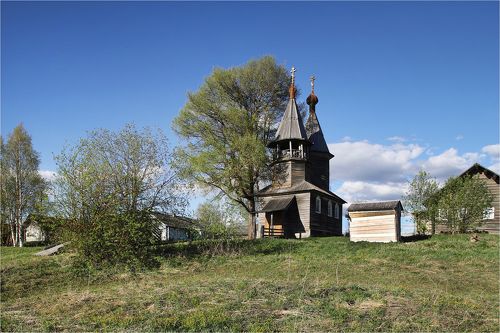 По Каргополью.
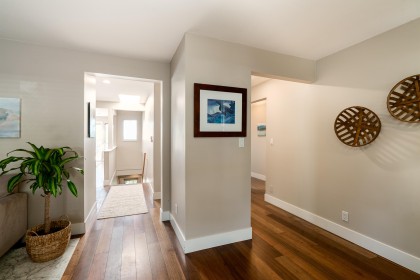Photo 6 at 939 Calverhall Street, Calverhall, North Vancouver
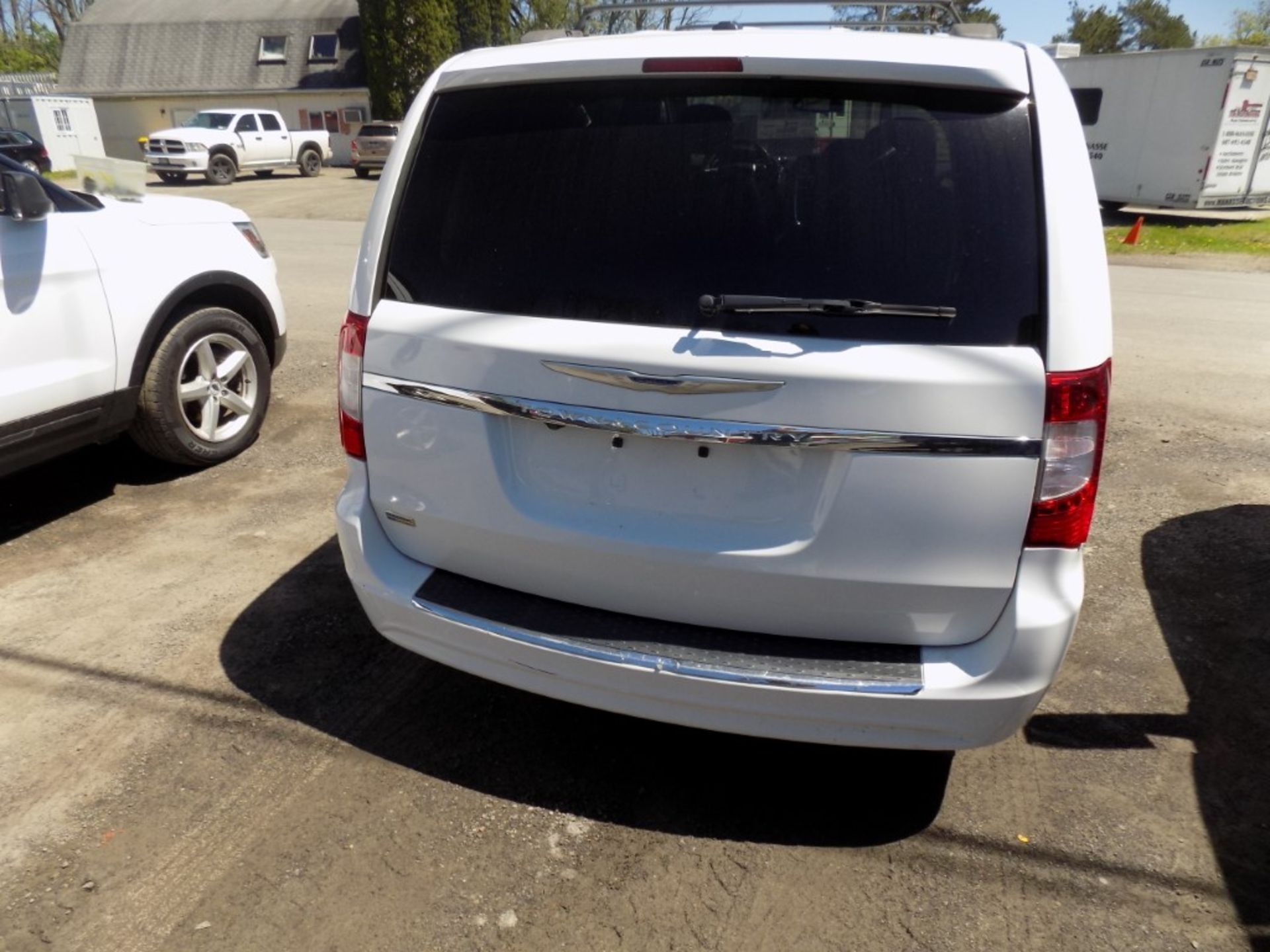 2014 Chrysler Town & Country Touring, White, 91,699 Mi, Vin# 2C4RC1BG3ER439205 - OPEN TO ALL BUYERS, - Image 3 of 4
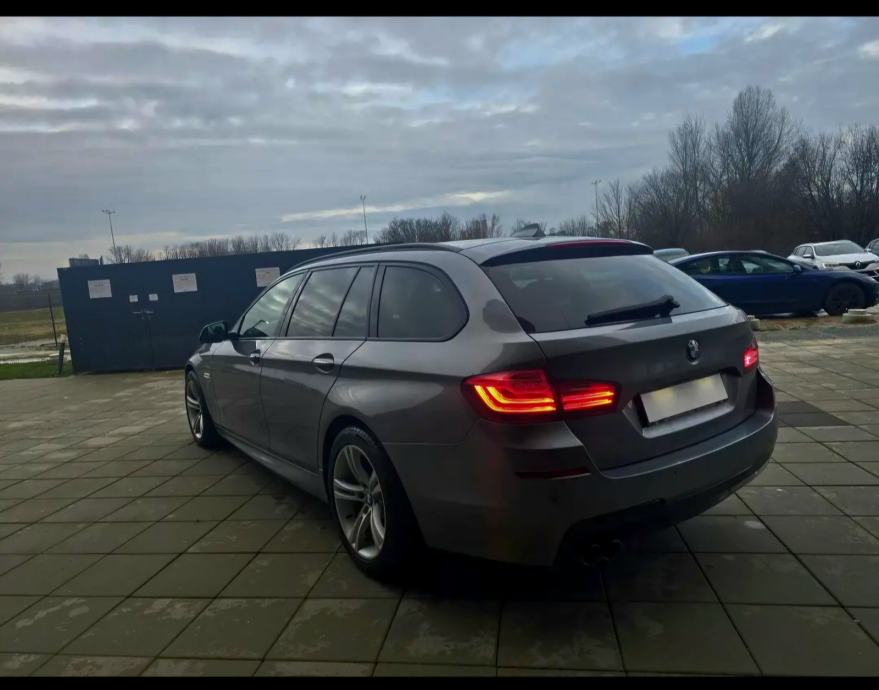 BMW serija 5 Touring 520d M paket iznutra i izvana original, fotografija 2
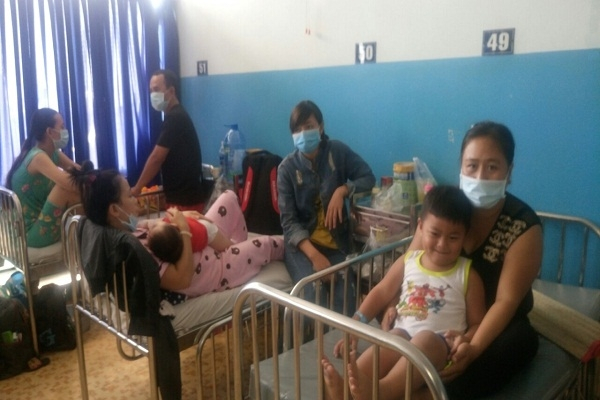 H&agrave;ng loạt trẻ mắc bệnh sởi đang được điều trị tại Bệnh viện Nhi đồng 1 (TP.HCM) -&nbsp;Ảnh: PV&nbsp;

* * *

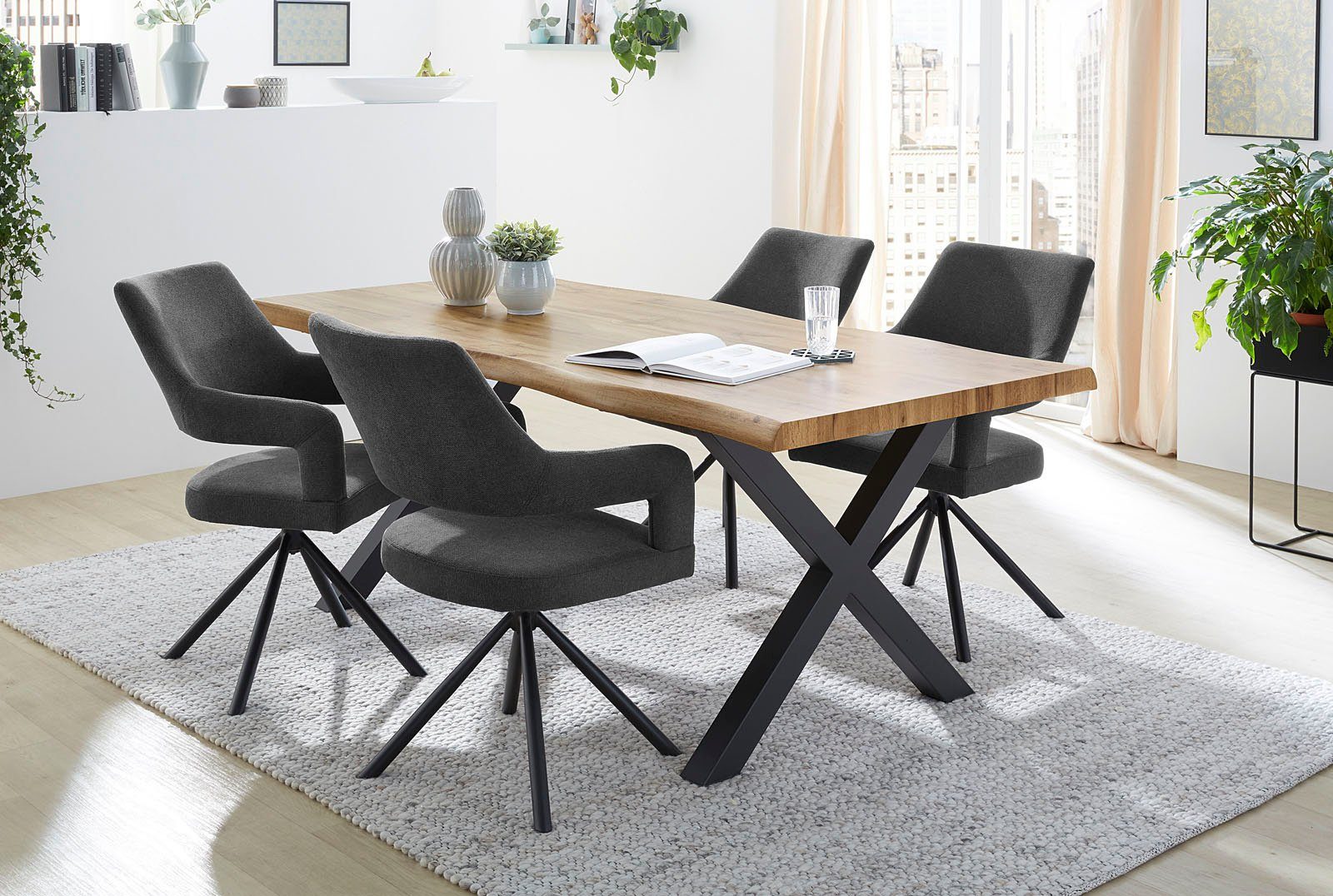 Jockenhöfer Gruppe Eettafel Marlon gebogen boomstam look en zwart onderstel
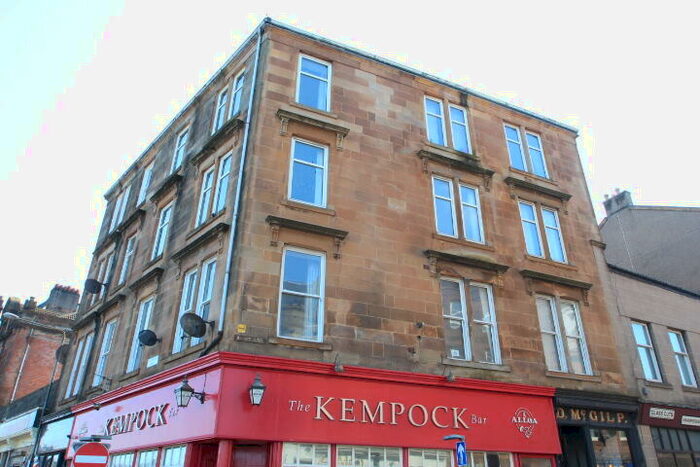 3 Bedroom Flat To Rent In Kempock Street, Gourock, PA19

_TASK DETAILS_
Every line above between the one containing "BMW serija 5" and the one containing "H&agrave;ng loạt trẻ", those two included, is to be printed exactly. No pictures go into the copy.

_TASK RESULT_
 BMW serija 5 Touring 520d M paket iznutra i izvana original, fotografija 2
 H&agrave;ng loạt trẻ mắc bệnh sởi đang được điều trị tại Bệnh viện Nhi đồng 1 (TP.HCM) -&nbsp;Ảnh: PV&nbsp;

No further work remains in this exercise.